The Egyptian desert province of New Valley is a veritable treasure trove of Upper Cretaceous fossils, said a leading palaeontologist on the team that discovered the remains of 50 70-million-year-old freshwater turtles in the area.
The turtles all belong to the same previously undiscovered species, said Gebeily Aboul Kheir, assistant professor of palaeontology at New Valley University and director of its vertebrate palaeontology centre.
The species was named Khargachelys cairoensis, after the cities of Kharga, the largest in New Valley province, and Cairo, as the palaeontologists that made the discovery come from both cities.
Dr Aboul Kheir was part of the team that unearthed the fossils two years ago and recently shared their findings in a scientific journal. Since then, the team have been working on extracting the fossils from the outer layers of rock they are encased in.
The team, led by New Valley University president Dr Abdelaziz Tantawy, have hatched an ambitious plan to display the fossils in an open-air museum in Egypt’s Western Desert where they were discovered, but this requires state support and funding.
They have also discovered the fossilised remains of herbivorous dinosaurs as well as crocodiles in Egypt’s Western Desert, where intrepid palaeontologists roam for days at a time in search of prehistoric remains.
At 440,000 square kilometres, New Valley is the country’s largest province by land mass. It is unique in that it is made up of land formations dating back to the Cretaceous period that have remained the same for millions of years because of the area’s dry climate.

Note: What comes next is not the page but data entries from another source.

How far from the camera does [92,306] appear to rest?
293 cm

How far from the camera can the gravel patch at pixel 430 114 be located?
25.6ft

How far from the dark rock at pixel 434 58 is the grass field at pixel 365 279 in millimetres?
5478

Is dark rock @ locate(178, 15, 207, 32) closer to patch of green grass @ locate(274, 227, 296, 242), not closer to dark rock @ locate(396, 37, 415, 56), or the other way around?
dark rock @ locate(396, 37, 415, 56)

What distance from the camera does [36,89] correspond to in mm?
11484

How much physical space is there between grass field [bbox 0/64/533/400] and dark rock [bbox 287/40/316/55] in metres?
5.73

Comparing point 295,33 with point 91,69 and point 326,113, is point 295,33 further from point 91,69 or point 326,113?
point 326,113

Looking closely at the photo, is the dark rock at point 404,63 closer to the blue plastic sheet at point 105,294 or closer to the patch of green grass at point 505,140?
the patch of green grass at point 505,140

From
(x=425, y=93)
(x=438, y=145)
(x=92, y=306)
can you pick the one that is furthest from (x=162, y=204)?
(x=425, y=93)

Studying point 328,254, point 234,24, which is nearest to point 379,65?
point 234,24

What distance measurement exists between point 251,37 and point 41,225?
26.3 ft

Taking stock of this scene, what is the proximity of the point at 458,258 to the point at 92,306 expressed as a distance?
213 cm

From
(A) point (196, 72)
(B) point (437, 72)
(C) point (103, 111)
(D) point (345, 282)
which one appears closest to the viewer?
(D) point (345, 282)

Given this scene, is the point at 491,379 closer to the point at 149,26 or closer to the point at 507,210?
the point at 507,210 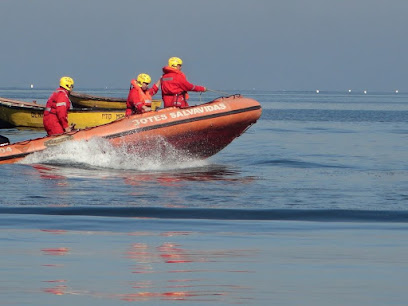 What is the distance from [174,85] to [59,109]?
243 centimetres

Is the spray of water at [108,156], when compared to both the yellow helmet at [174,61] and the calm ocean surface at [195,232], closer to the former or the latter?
the calm ocean surface at [195,232]

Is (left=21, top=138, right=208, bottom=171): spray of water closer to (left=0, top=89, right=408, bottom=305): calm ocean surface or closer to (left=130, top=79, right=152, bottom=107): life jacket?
(left=0, top=89, right=408, bottom=305): calm ocean surface

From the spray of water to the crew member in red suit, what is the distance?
0.98m

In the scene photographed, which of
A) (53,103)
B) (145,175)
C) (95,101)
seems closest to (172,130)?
(145,175)

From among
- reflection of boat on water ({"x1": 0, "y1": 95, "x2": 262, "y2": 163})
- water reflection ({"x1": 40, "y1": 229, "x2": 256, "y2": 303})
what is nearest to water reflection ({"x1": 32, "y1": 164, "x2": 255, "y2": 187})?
reflection of boat on water ({"x1": 0, "y1": 95, "x2": 262, "y2": 163})

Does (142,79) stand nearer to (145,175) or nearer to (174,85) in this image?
(174,85)

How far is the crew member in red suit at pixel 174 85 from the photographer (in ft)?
68.5

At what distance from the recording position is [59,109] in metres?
20.0

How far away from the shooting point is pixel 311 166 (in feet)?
75.2

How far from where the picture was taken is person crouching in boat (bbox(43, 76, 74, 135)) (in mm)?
19891

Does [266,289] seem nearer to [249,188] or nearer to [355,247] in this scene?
[355,247]

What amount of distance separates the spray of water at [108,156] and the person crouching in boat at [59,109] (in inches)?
18.0

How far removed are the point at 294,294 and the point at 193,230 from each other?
3.80m

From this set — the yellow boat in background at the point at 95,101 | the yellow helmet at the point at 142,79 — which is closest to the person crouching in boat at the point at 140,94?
the yellow helmet at the point at 142,79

“The area is really unique because it was formed around 70 million years ago when the Tethys Ocean, the prehistoric version of the Mediterranean, due to tectonic shifts, washed down from what is now the north of Africa and reached all the way down to the south of Egypt,” Dr Aboul Kheir explained.
“Land formations, even mountains, are formed by bodies of water that wash over them at one point or another, repeatedly depositing sediments in their wake.”

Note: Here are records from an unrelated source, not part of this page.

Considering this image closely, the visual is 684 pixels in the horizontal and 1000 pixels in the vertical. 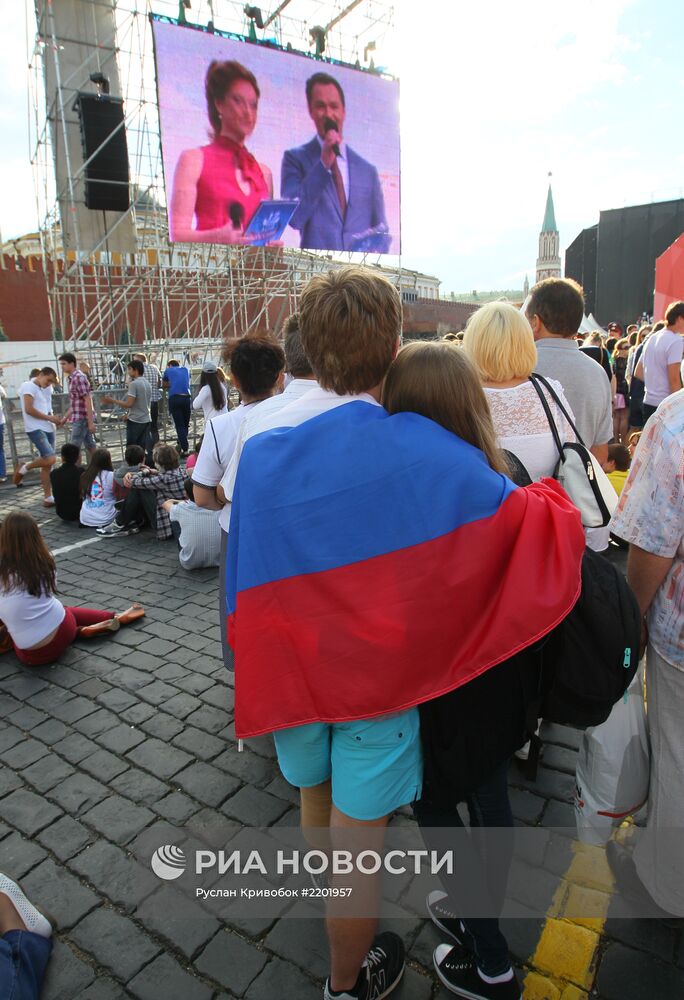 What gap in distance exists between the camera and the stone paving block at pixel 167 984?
5.99ft

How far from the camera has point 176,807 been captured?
101 inches

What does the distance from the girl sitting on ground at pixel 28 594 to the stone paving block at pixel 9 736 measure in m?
0.61

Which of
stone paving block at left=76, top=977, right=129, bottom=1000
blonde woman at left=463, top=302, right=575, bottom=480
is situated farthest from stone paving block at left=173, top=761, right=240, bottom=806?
blonde woman at left=463, top=302, right=575, bottom=480

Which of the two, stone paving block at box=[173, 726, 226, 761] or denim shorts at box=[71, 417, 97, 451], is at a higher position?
denim shorts at box=[71, 417, 97, 451]

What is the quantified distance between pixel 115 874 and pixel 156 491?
4502 millimetres

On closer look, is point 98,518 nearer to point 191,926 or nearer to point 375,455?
point 191,926

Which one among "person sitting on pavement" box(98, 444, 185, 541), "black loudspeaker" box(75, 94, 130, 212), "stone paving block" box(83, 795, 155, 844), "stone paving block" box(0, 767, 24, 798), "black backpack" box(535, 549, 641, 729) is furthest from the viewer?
"black loudspeaker" box(75, 94, 130, 212)

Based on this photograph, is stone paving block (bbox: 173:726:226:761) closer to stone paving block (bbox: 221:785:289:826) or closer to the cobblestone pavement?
the cobblestone pavement

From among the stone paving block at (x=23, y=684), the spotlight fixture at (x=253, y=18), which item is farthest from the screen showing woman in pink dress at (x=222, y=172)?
the stone paving block at (x=23, y=684)

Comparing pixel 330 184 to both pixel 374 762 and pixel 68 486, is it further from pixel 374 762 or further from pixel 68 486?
pixel 374 762

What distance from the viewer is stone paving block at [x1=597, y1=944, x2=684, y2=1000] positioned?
175cm

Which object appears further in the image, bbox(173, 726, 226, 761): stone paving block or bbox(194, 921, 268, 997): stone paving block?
bbox(173, 726, 226, 761): stone paving block

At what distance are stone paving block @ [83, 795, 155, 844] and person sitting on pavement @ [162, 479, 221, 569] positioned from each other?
2.87 m

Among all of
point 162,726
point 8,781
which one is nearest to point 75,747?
point 8,781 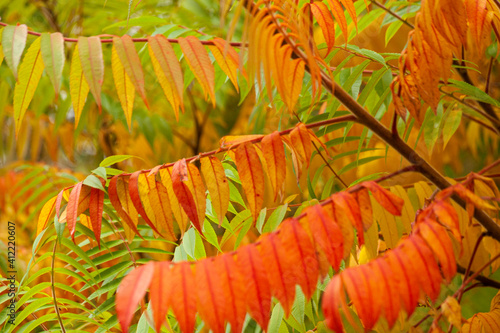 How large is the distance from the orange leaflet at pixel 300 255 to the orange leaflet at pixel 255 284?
0.13ft

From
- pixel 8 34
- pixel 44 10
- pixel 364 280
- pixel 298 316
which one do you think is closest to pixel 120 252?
pixel 298 316

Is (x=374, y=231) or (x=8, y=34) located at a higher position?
(x=8, y=34)

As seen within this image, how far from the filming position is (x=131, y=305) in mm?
529

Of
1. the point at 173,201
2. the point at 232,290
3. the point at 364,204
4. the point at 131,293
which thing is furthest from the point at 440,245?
the point at 173,201

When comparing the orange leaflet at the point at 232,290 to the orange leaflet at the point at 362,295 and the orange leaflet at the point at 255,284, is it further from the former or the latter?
the orange leaflet at the point at 362,295

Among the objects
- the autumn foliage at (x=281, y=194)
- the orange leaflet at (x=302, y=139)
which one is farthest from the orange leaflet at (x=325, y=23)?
the orange leaflet at (x=302, y=139)

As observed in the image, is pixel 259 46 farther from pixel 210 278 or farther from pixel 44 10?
pixel 44 10

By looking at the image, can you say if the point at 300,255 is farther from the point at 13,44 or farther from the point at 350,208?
the point at 13,44

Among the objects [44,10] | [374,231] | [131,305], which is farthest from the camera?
[44,10]

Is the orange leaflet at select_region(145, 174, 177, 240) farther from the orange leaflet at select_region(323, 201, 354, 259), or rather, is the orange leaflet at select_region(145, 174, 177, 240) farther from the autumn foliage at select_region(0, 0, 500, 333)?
the orange leaflet at select_region(323, 201, 354, 259)

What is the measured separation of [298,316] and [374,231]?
211mm

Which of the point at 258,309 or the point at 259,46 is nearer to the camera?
the point at 258,309

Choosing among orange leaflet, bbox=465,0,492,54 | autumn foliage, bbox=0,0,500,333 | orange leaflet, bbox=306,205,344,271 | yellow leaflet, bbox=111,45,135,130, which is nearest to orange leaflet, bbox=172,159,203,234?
autumn foliage, bbox=0,0,500,333

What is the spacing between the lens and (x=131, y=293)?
541 millimetres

The Tethys Ocean's saltwater mixed with the freshwater that flowed into Egypt through rivers whose sources were farther south in Africa.
“The river sediments we found predated the saltwater sediments by around 50 million years, which conclusively proves that the sea wasn’t here for a long time and then it washed into the continent later on,” Dr Aboul Kheir explained.

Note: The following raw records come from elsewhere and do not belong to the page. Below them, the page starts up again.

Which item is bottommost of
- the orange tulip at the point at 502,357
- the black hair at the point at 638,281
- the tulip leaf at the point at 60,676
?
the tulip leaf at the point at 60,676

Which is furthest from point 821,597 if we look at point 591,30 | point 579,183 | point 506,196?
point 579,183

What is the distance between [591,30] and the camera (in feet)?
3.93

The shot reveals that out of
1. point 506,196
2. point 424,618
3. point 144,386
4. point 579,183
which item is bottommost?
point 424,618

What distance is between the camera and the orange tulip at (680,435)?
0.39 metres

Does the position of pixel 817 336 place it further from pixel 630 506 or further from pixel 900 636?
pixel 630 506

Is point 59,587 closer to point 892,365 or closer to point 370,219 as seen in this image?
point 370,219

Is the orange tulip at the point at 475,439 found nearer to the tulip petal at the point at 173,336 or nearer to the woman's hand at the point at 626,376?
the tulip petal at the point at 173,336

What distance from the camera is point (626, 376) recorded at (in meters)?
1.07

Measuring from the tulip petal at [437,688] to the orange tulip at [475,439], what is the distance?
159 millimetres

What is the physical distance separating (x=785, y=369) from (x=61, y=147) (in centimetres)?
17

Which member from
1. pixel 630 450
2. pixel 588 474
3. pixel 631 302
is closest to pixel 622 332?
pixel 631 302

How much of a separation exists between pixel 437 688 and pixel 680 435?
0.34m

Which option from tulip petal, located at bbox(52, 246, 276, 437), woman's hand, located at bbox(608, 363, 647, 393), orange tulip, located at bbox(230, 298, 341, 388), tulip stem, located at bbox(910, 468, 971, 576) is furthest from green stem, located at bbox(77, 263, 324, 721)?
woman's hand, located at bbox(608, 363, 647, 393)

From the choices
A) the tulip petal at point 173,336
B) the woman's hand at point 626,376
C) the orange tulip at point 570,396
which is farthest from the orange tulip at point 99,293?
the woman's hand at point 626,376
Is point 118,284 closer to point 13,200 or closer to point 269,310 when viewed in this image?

The rivers’ meetings with the sea in prehistoric New Valley created a kind of brackish water that provided optimal conditions for many forms of life to thrive.
This led to it becoming a popular haunt for the ancient turtles, the first of their kind to be discovered, Dr Aboul Kheir said.
“We found the 50 turtles all buried in one small area. We believe this used to be a lake,” he added.
“We found freshwater sediments which are typically red, but we also found green seawater sediment as well, which means that it was a lake made up of that brackish water the turtles would have liked to be in.”
In addition, the turtles were fossilised whole, a quality common among marine animal fossils but uncommon in fossilised remains of land animals, whose carcasses desiccate leaving only bones behind.
“We have never found fossilised remains of a land animal in its entirety. Typically we find fragments of bones, a whole leg if we’re lucky.
“But when these turtles died, their carcasses were left underwater for a while so they didn't dry up. That’s why we found them so well preserved.”
As radioactive dating is currently unavailable in Egypt, Dr Aboul Kheir and his colleagues use a less accurate method known as “relative dating” which involves taking rocks from a formation, washing them with specific chemicals and studying what kind of microorganisms are released.
Each microorganism can be dated back to an approximate period of Earth’s history.
Despite only opening three years ago, New Valley University and its vertebrate palaeontology centre have made a remarkable number of discoveries — a testament to how rich the area is with Upper Cretaceous relics, Dr Aboul Kheir said.
“Every time we find a new fossil, it is an indescribably good feeling. When we bring it back to the university, all the students and faculty cheer because it’s a win for them, too.”
Through the use of radar equipment, the team have found several other sites in the Western Desert that they believe could contain more fossilised remains. Dr Aboul Kheir said imaging has shown a great deal of reptile fossils.
“We have been trying to increase our co-operation with the state for more funds and we are making some strides. The municipal government just allocated the lands we’re working on for research purposes, which will make our lives a lot easier,” he said.
Still, the country’s palaeontology sector is seriously underfunded, which Dr Aboul Kheir called a shame, as there “are some very promising parts of Egypt that need to be further explored”, such as the agricultural province of Fayoum, where palaeontologists discovered prehistoric whale remains.